Captioned web images
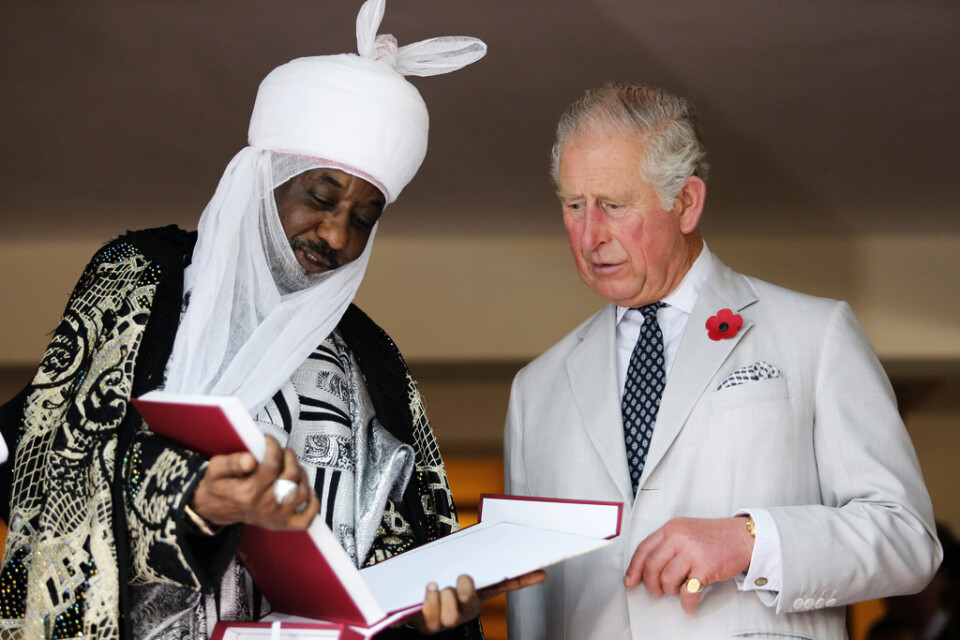 Storbritanniens prins Charles (vänster) med Kanos emir Lamido Sanusi i ett möte i november 2018. Mötet hölls i den brittiske högkommissionärens residens i Nigerias huvudstad Abuja. Arkivbild.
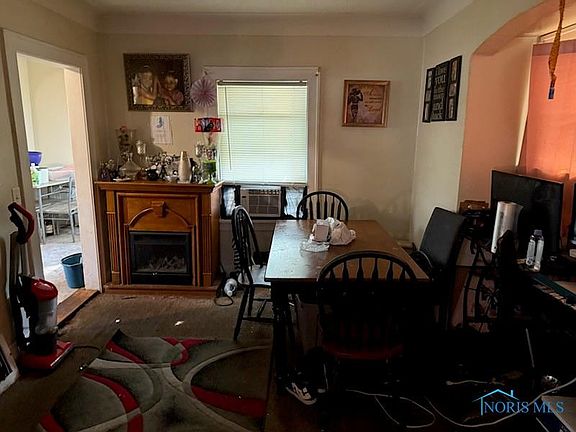 3rd image of 531 Shasta Dr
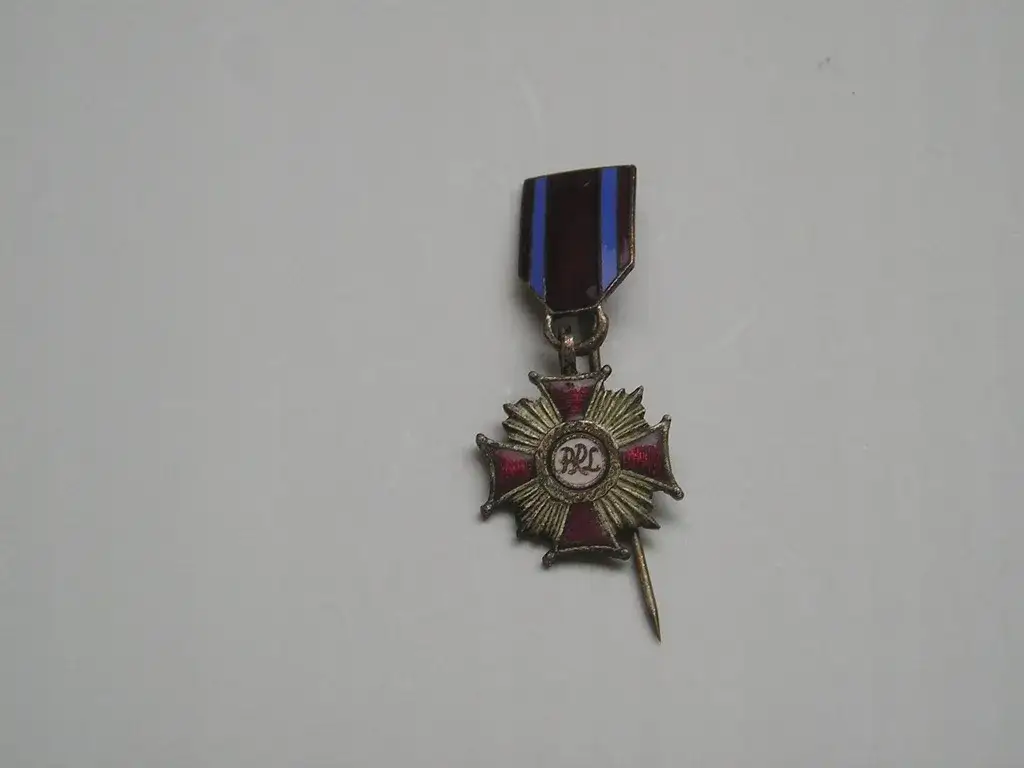 Krzyż Zasługi PRL: Poznaj historię tego odznaczenia już w 5 faktach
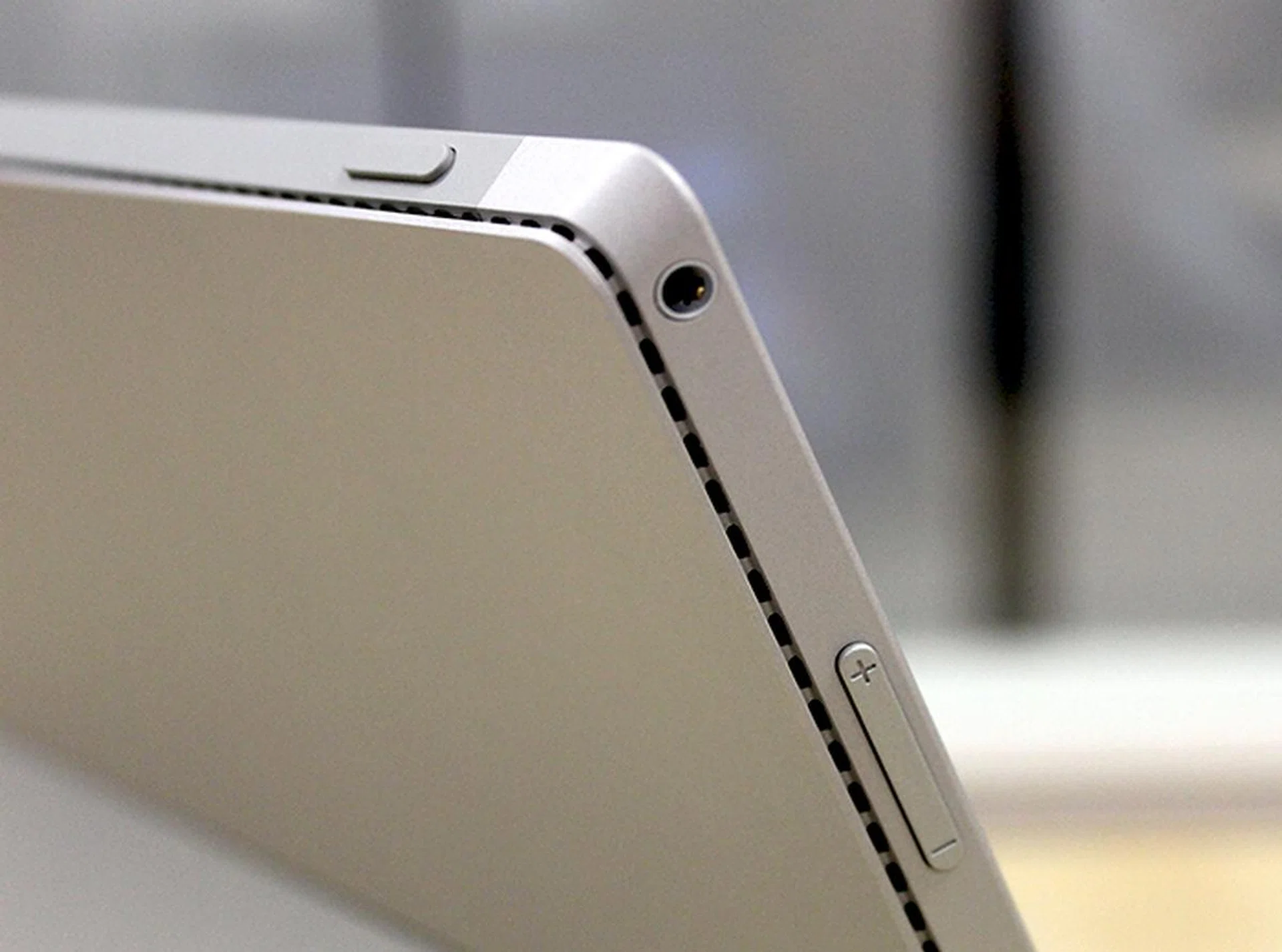 On the opposite side, users will find a headphones jack, volume control buttons and the power button.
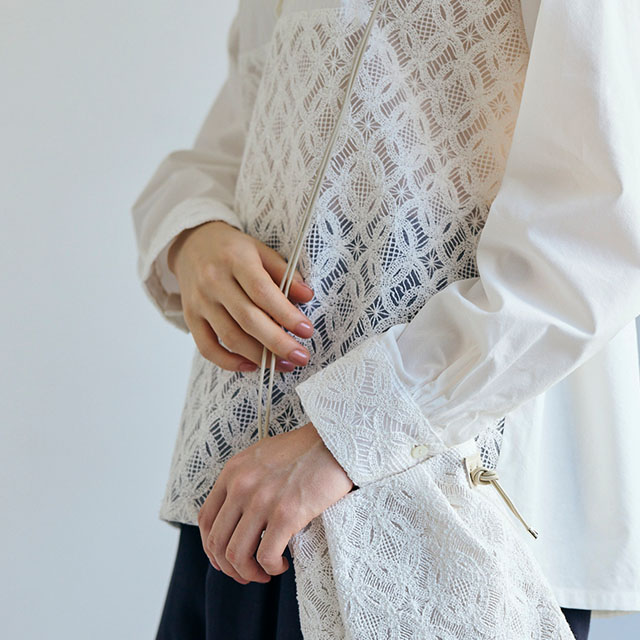 刺繍のブラウス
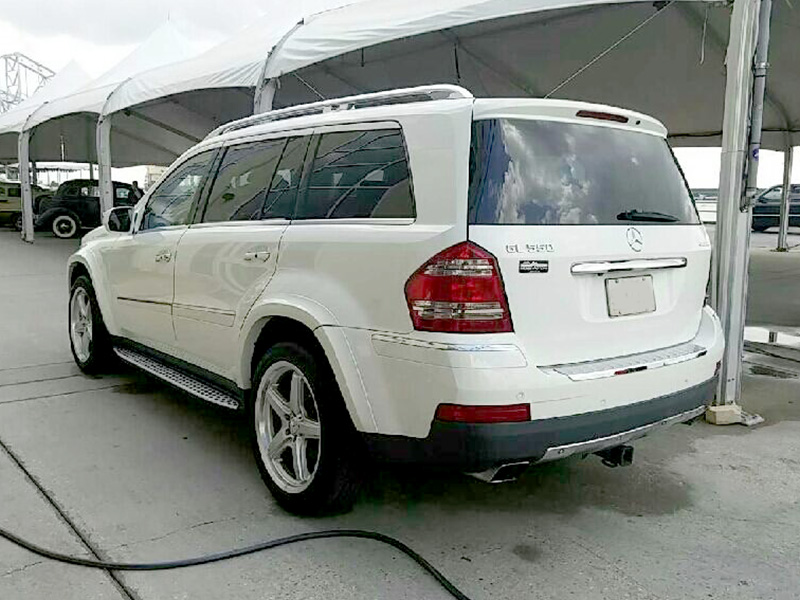 1st Image of a 2009 MERCEDES-BENZ GL-CLASS GL550 4MATIC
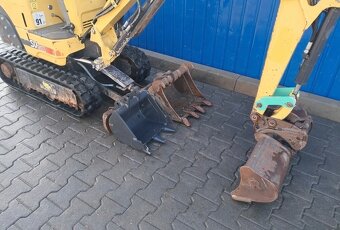 Yanmar sv08 - 11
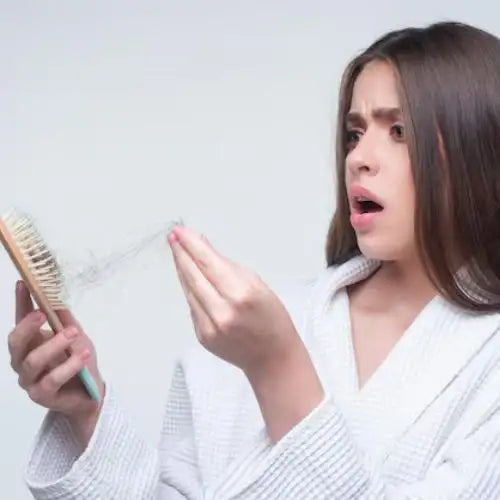 Dermatólogo experto revela método clínico para detener la caída del cabello en 21 días, sin medicamentos ni trasplantes. KIT SUERO+🎁SHAMPÚ DE BATANA™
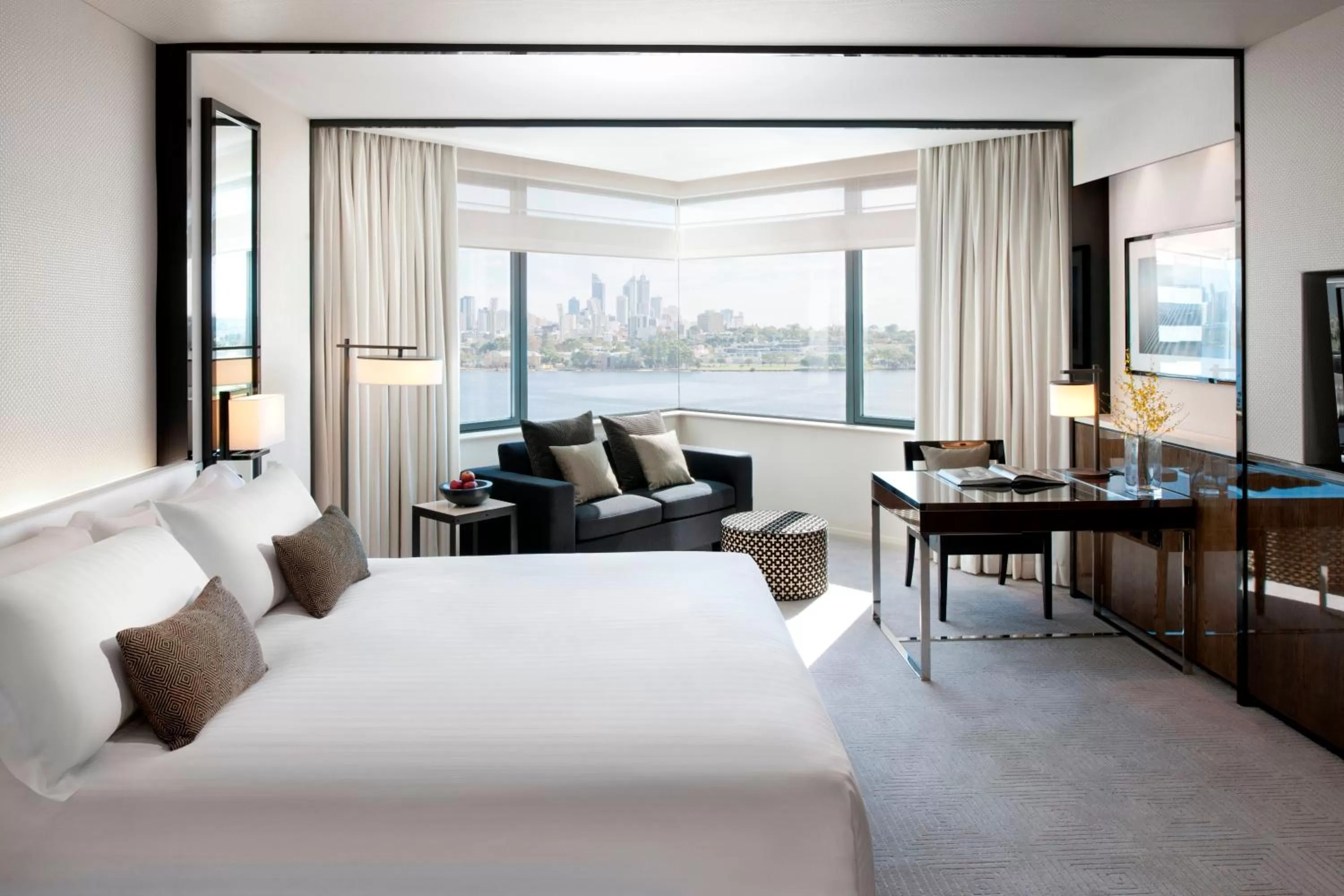 Photo of the whole room, Bed in Crown Metropol Perth
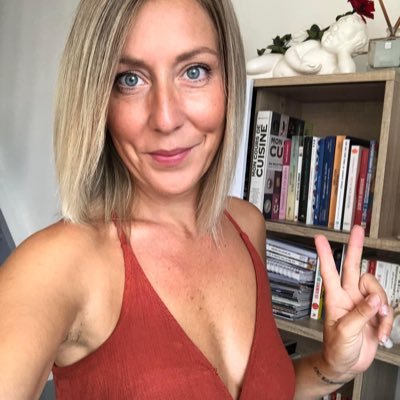 LafontanMelaine's profile picture. Moi c’est melaine célibataire je suis sincère et je sais aimer 😍❤️ je veux un amour sincère d’un homme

Task objective
Excluding images, return all of the records above word for word.

Expected answer
 Storbritanniens prins Charles (vänster) med Kanos emir Lamido Sanusi i ett möte i november 2018. Mötet hölls i den brittiske högkommissionärens residens i Nigerias huvudstad Abuja. Arkivbild.
 3rd image of 531 Shasta Dr
 Krzyż Zasługi PRL: Poznaj historię tego odznaczenia już w 5 faktach
 On the opposite side, users will find a headphones jack, volume control buttons and the power button.
 刺繍のブラウス
 1st Image of a 2009 MERCEDES-BENZ GL-CLASS GL550 4MATIC
 Yanmar sv08 - 11
 Dermatólogo experto revela método clínico para detener la caída del cabello en 21 días, sin medicamentos ni trasplantes. KIT SUERO+🎁SHAMPÚ DE BATANA™
 Photo of the whole room, Bed in Crown Metropol Perth
 LafontanMelaine's profile picture. Moi c’est melaine célibataire je suis sincère et je sais aimer 😍❤️ je veux un amour sincère d’un homme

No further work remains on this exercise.